=== Section Start ===

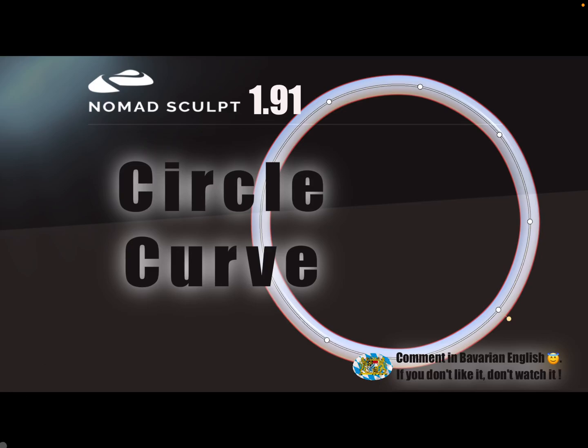Hello Nomad Sculpt, and this is a nice to know tutorial on how to create a perfect circle curve for the tube or for curve repeater.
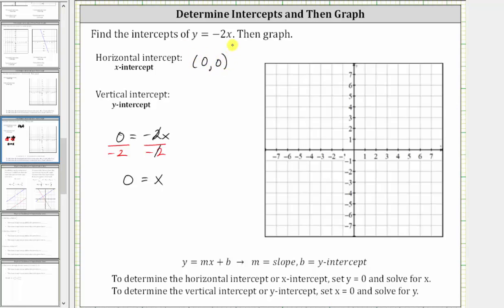It is important to give the intercepts as ordered pairs. We set y equal to zero and when we solved for x, we also got zero. If we plot this point on the coordinate plane, notice how this is the origin. The origin is the only point on the horizontal axis as well as the vertical axis. Therefore, in this case, the origin is both the horizontal intercept and the vertical intercept.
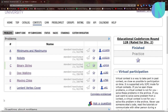Hello everybody, welcome back to another video. In this video I will solve the problem Binary String from Educational Round 128. I don't have my webcam on today because I'm at home without my complete setup. Anyways, let's start with the problem.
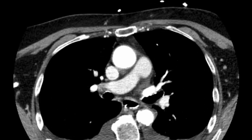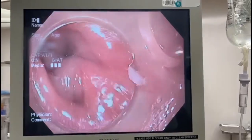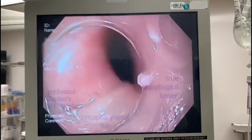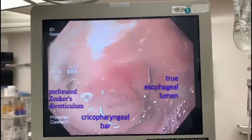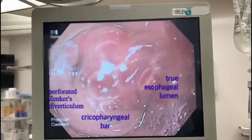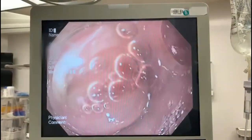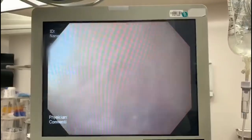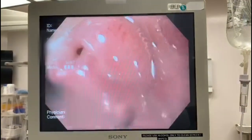She was taken back to the operating room with a plan for gastroscopy followed by repeat neck exploration. On gastroscopy, with the aid of a clear endoscopic cap, we identified a small Zenker's diverticulum with a perforation. This is seen on the left and the true esophageal lumen on the right.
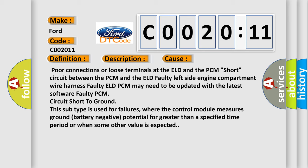Poor connections or loose terminals at the ELD and the PCM. Short circuit between the PCM and the ELD. Faulty left side engine compartment wire harness. Faulty ELD. PCM may need to be updated with the latest software. Faulty PCM. Circuit short to ground. This subtype is used for failures where the control module measures ground (battery negative) potential for greater than a specified time period or when some other value is expected.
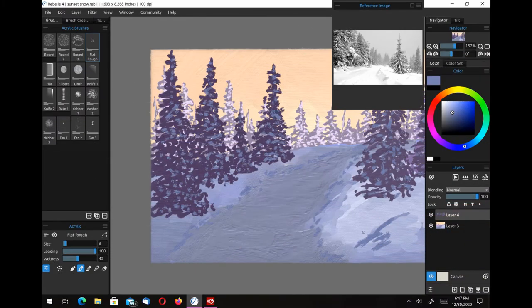Hello and welcome to Traditional Painting the Digital Way. This is where I use digital painting apps to teach traditional painting techniques. This is part four of my look at the new brushes in Rebelle 4.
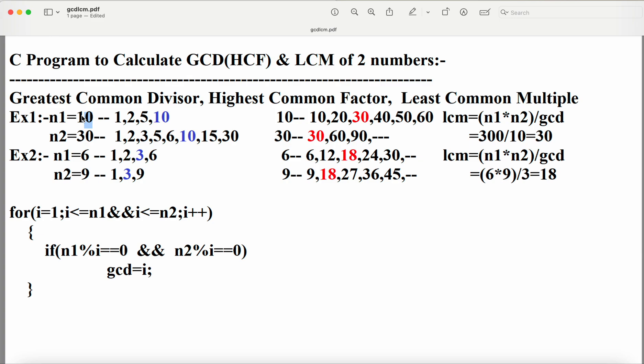There is no need to find factors beyond 10 for 30, because we are looking for common factors and the common factor must be less than or equal to 10. If we observe the factors, the common factors of 10 and 30 are 1, 2, 5, and 10. Out of these, the greatest number is 10. So we can say that GCD is 10.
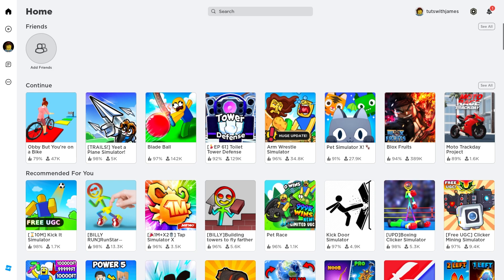The first thing you want to do is open up Roblox on your PC, and you do want to make sure you are logged into the correct account.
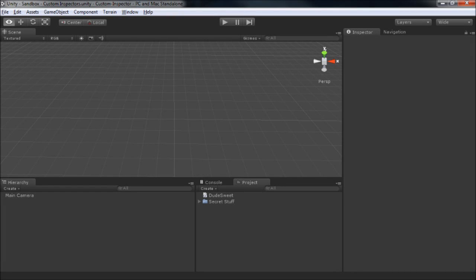Welcome to Unity Tips and Tricks. In this video series, we're going to explore some ways that we can customize the inspector window in Unity.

=== Section End ===

> **Directions for this task**:
Return the lines of the data above in full and exactly, with no pictures.

> **Written solution**:
Hello Nomad Sculpt, and this is a nice to know tutorial on how to create a perfect circle curve for the tube or for curve repeater.
It is important to give the intercepts as ordered pairs. We set y equal to zero and when we solved for x, we also got zero. If we plot this point on the coordinate plane, notice how this is the origin. The origin is the only point on the horizontal axis as well as the vertical axis. Therefore, in this case, the origin is both the horizontal intercept and the vertical intercept.
Hello everybody, welcome back to another video. In this video I will solve the problem Binary String from Educational Round 128. I don't have my webcam on today because I'm at home without my complete setup. Anyways, let's start with the problem.
She was taken back to the operating room with a plan for gastroscopy followed by repeat neck exploration. On gastroscopy, with the aid of a clear endoscopic cap, we identified a small Zenker's diverticulum with a perforation. This is seen on the left and the true esophageal lumen on the right.
Poor connections or loose terminals at the ELD and the PCM. Short circuit between the PCM and the ELD. Faulty left side engine compartment wire harness. Faulty ELD. PCM may need to be updated with the latest software. Faulty PCM. Circuit short to ground. This subtype is used for failures where the control module measures ground (battery negative) potential for greater than a specified time period or when some other value is expected.
Hello and welcome to Traditional Painting the Digital Way. This is where I use digital painting apps to teach traditional painting techniques. This is part four of my look at the new brushes in Rebelle 4.
There is no need to find factors beyond 10 for 30, because we are looking for common factors and the common factor must be less than or equal to 10. If we observe the factors, the common factors of 10 and 30 are 1, 2, 5, and 10. Out of these, the greatest number is 10. So we can say that GCD is 10.
The first thing you want to do is open up Roblox on your PC, and you do want to make sure you are logged into the correct account.
Welcome to Unity Tips and Tricks. In this video series, we're going to explore some ways that we can customize the inspector window in Unity.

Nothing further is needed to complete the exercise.